To avoid being a danger to themselves and other motorists, drivers should always do a safety inspection before getting in their car and heading off on their drive to ensure:
- The pin securing the ball mount to the receiver is intact.
- The hitch coupler is secured.
- Spring bar hinges are tight with the safety clips in place (load equalizer or weight distributing hitches).
- Safety chains are properly attached.
- The electrical plug is properly installed.
The weight capacities of the tow vehicle and the above mentioned components must not be exceeded by the gross trailer weight (GTW). Motorists should always consult their vehicle and trailer handbooks for these weight capacities.
AA Rescue advice on driving with trailers
Every year our breakdown service attends to hundreds of broken down vehicles with a trailer in tow. In addition to the above regulatory information AA Patrol, Keith Keegan, offers the following tips to drivers towing a trailer:
- Motorists who are new to driving with a trailer should take time to practice their maneuvers in an empty car park before driving on a public road.
- Drivers should consult their vehicle owner’s manual for guidance on what gears they should be in when driving with a trailer.
- Motorists should plan their driving route to avoid any potential height obstructions such as bridges or tunnels. This is especially important if driving with a boat or other tall objects in tow.
- Drivers should keep their speed down and their driving smooth. The car is pulling a heavier and longer load than usual, which can be harder to maneuver. Motorists should be especially careful when driving in fog, rain, icy conditions or on bumpy roads. A moderate driving speed will also help to avoid trailer sway.

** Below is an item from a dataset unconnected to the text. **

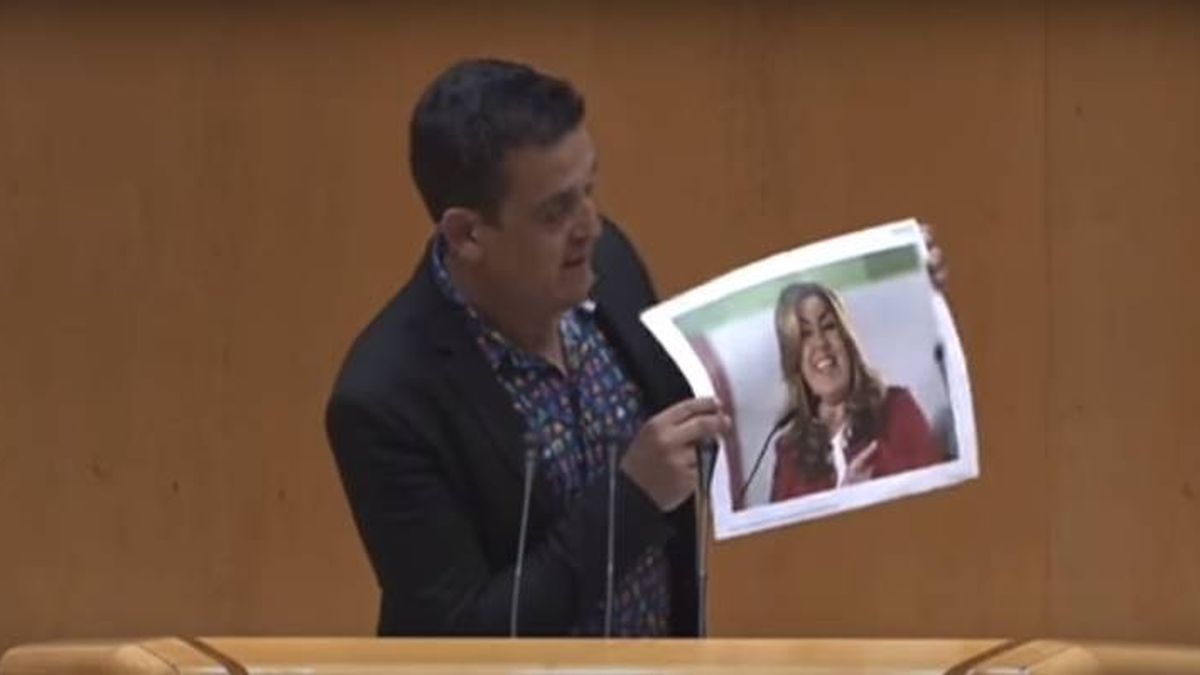 Un senador de Compromís rompe una foto de Susana Díaz y la llama "gusana"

- Drivers should leave themselves extra driving time to get to their destination.
- Drivers should avoid sudden steering maneuvers while driving that might cause the trailer to sway.
- Drivers should take turns wider than normal. The trailer's wheels will be much further to the inside of a turn than the towing vehicle's. The trailer will ride up on the curb on left turns and could even sideswipe another vehicle.

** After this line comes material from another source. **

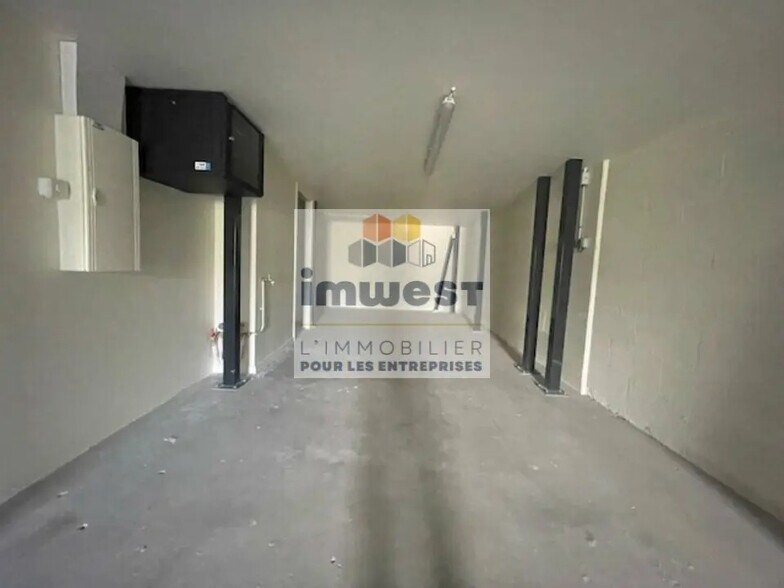 Flex in Rennes for lease - Building Photo - Image 3 of 6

- Motorists should allow more time to bring their car to a stop. The heavy load behind the car will add momentum. Suddenly braking the car could cause the trailer to slide or the even jack knife.
- Motorists should anticipate the need to slow down their driving. More time is needed to react.

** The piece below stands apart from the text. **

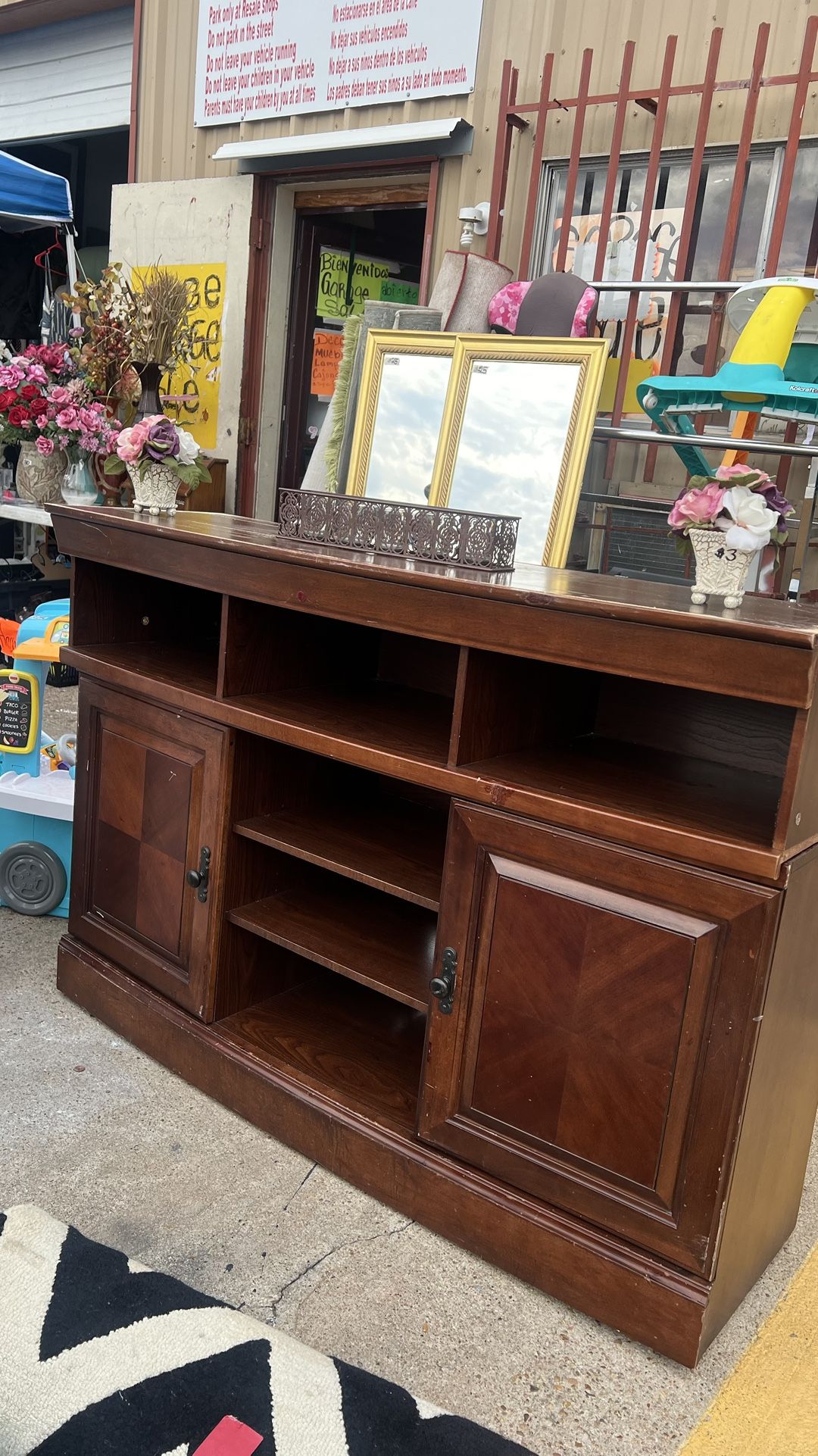 Tv Stand 60” Inches $75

- If overtaking another vehicle or changing lanes, drivers should indicate well in advance and allow extra distance to clear the vehicle they’re overtaking before pulling back into the inside road lane.
- Drivers should never overtake another vehicle on a hill or if there is an uneven road surface up ahead.
- Whenever possible motorists should ask someone to guide them when reversing or parking and take it slowly. Drivers shouldn’t be afraid to start the maneuver again if needed. Over steering can cause the trailer to turn sharply, so gradual movements are recommended.
- Drivers should be conscious of the fact that they’ll be more affected by gusts of wind and wind shift caused by large trucks when driving with a trailer. They should avoid the temptation to slam on the car’s breaks when this happens.
Motorists who breaking down while driving with a trailer in tow should:
- Pull the car and trailer as close to the road’s left hand verge or hard shoulder as possible if they are still driveable so as not to obstruct traffic.
- Switch on their trailer’s hazard warning lights.
- Inform the Gardaí if a hazard to other drivers
- Drivers who are AA Members, should call for breakdown assistance on 01-6179104 and an AA Patrol will provide roadside assistance.
- If it’s safe to do so, drivers should place their vehicle’s hazard triangle on the side of the road
- Drivers shouldn’t remove any animals if present from the broken down trailer.
- Drivers and their passengers should exit the car on the non traffic side and stay as far back from the road as possible.